Kembali pada perspektif agama terkait penerimaan dan penolakan upaya vaksinasi ini dapat dillihat bahwa mayoritas warga Indonesia yang menerapkan dan mengamalkan moderasi beragama itu cenderung lebih terbuka. Penerimaan vaksin ini berdasarkan kemaslahatan diri dan jiwa (hifz al-nafs) yang menjadi bagian al dharuriyat al-khamsah.
Merujuk pada Fatwa MUI Pusat No. 4 Tahun 2016 yang menyatakan hukum vaksinasi itu diperbolehkan. Hujjahnya, vaksinasi adalah usaha untuk mewujudkan kekebalan (imunitas) terhadap penyakit tertentu sehingga dapat mencegah kecacatan atau kematian. Dalam hal ini vaksin yang digunakan harus memenuhi syarat kesuciannya, halal, tidak mengandung unsur haram seperti gelatin dari babi. Adapun dalam keadaan yang benar-benar darurat, maka unsur-unsur tersebut boleh digunakan selama belum ditemukan unsur vaksin yang suci dan halal.
Kelompok Muslim lain menurut Azra yang melakukan penolakan, mereka merujuk pada ‘tahnik’ yang dilakukan oleh Nabi Muhammad SAW. Metode vaksinasi yang digunakan adalah memasukkan kunyahan kurma ke dalam mulut bayi karena menganggap vaksin buatan orang Yahudi dapat melemahkan jasmani generasi muda Muslim.

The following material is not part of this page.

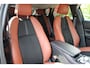Mazda CX-30 E-Skyactiv X 186pk M Hybrid Aut Nagisa | BOSE | Memory seats | HUD | Leder/Alcantara | Camera | CarPlay | ACC |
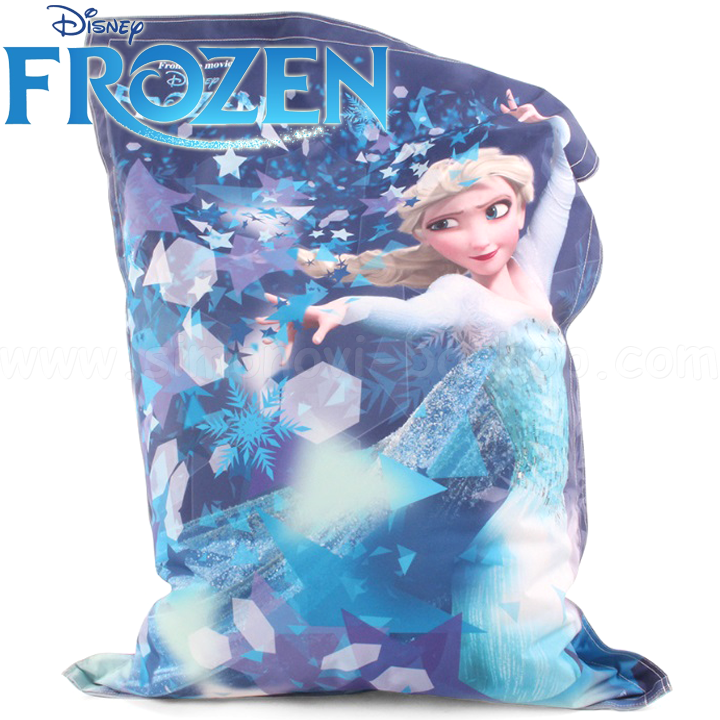 *Disney Frozen   " "4030120043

Tak hanya di kalangan Muslim, praksis keagamaan antivaksin juga datang dari agama lain. Seperti ungkapan teolog-cum-pendeta Edmund Massey bahwa penyakit adalah kiriman dari Tuhan untuk menghukum para pendosa; menggunkan vaksin berarti menentang kemauan Tuhan.
Meski ada kelompok yang menolak vaksin dengan argumen agama, namun mayoritas umat beragama menerimanya. Jika ada keberatan dalam menerima substansi vaksin, upaya terus dilakukan untuk menemukan vaksin yang sesuai dengan keagamaan yang dianut. Antusias masyarakat dalam menerima vaksin juga telah terlihat di berbagai wilayah Indonesia sehingga menurut Azra, Perpres Nomor 14 Tahun 2021 dinilai berlebihan karena mengandung berbagai macam ancaman sanksi bagi mereka yang menolak vaksin dan vaksinasi. Bagi para penolak, mungkin sanksi apapun tidak membuat mereka mengubah sikap yang dilandasi keagamaan.
Di akhir, Azra menyarankan agara pemerintah lebih menggunakan figur publik seperti ulama, politisi, tokoh adat, maupun selebritis untuk melakukan kampanye vaksinasi. Cara persuasi edukatif lebih berpeluang menang dalam merebut hati warga ketimbang cara otokratif yang justru lebih berpeluang menimbulkan rekasi balik yang tidak diharapkan.